The authority of Supreme Court justices derives from the authority of the Constitution: once they deny its authority, they deny their own. The Roper v. Simmons decision is a stunningly stark illustration of this despotism that masquerades as jurisprudence. Despotism is not an overwrought description here: we are dealing with a lawless court, judges who obey no law save their own will. Yes, they invoke a living Constitution, but that just means the real Constitution lies dead at their feet, having been trampled beneath a juggernaut of false progress.

The Supreme Court has been holding a de facto constitutional convention for decades, ripping up the old one and writing a new one without the consent of the people. A fitting punishment for this act of hubris will come when the chaos that their own example of lawlessness has set in motion consumes them in impeachment trials or worse.

The justices conceal their despotism in rhetoric and flat-out lying. As Antonin Scalia demonstrated in his dissenting opinion, the "national consensus" that the justices cite to justify the decision doesn't exist. Kennedy and company did a shoddy job of lining up this lie, first inventing a national consensus against executing 17-year olds, then conceding that it doesn't exist by whining about America's refusal to ratify international treaties that forbid the practice.

As the Supreme Court writes a new constitution, the justices are using as their co-authors foreigners not Americans. This now routine reliance on foreign fashions illustrates their alienation from and distrust of the American people. In citing the "overwhelming weight of international opinion" in the Roper decision, the justices are in effect saying to the American people: we are right, you are wrong; since you won't support our boutique views, we will look abroad for support.

The justices spoke of "evolving standards of decency," which means evolving standards of indecency. And they speak about these standards as if they are just reporting their existence rather than pushing them into existence through judicial decree. The judges are not neutral reporters of fact but agents of activism, full of elitist disdain at the American people for not changing the standards themselves.

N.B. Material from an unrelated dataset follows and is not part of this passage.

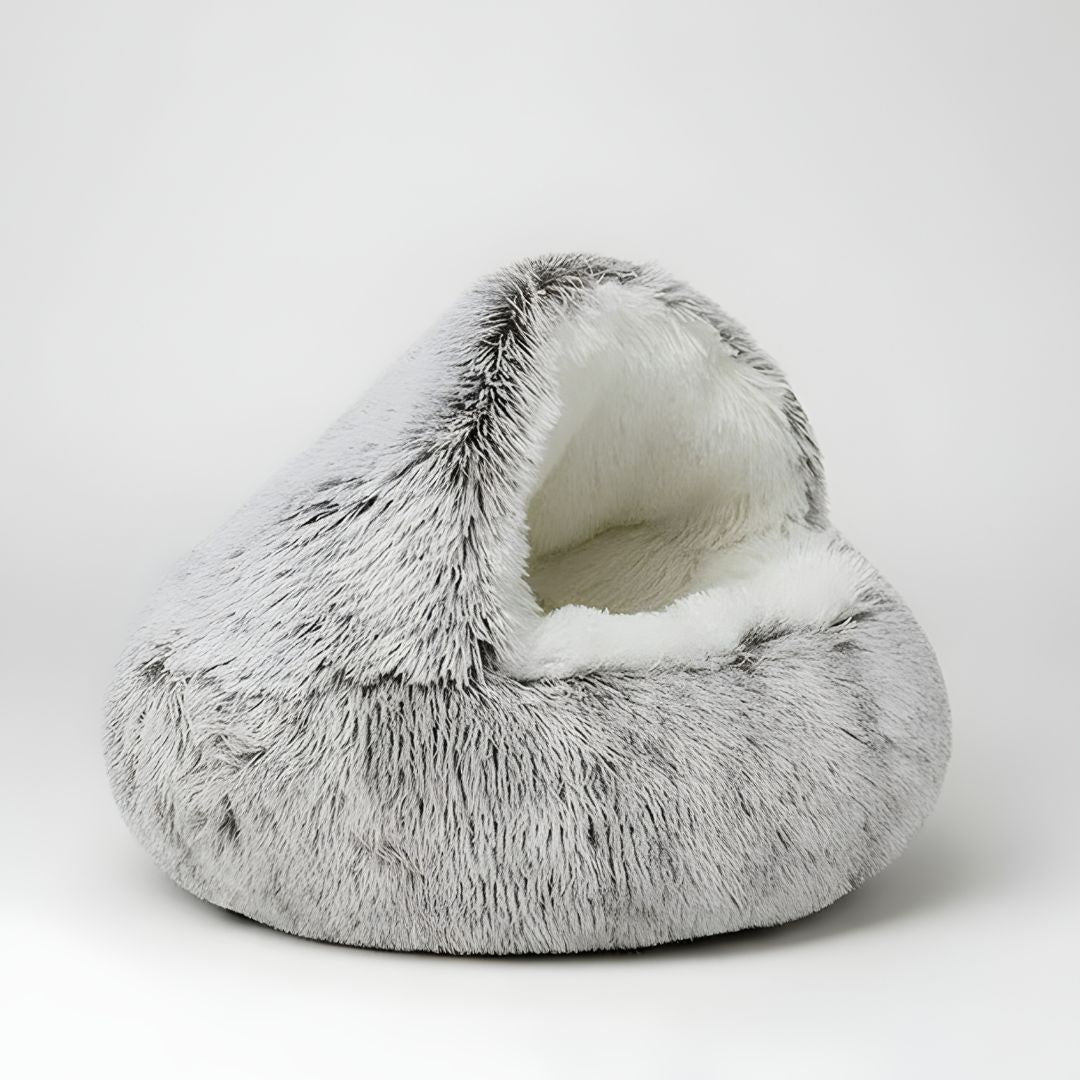 Hooded cat and dog bed cave 100cm plush faux fur cozy pet bed Lebanon Beirut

"Evolving standards of decency" in the world that the justices inhabit doesn't mean children aren't killed. It just means they have a better chance of surviving if they are guilty and dangerous. The resources the elite won't spend on unborn children they will lavish upon teenage monsters. Through some perverse inversion of values -- impossible to outline scientifically given the off-the-wall willfulness of liberalism -- unborn children can be killed according to the liberal elite's most crass utilitarian calculus imaginable while a 17-year-old menace is cosseted like a baby.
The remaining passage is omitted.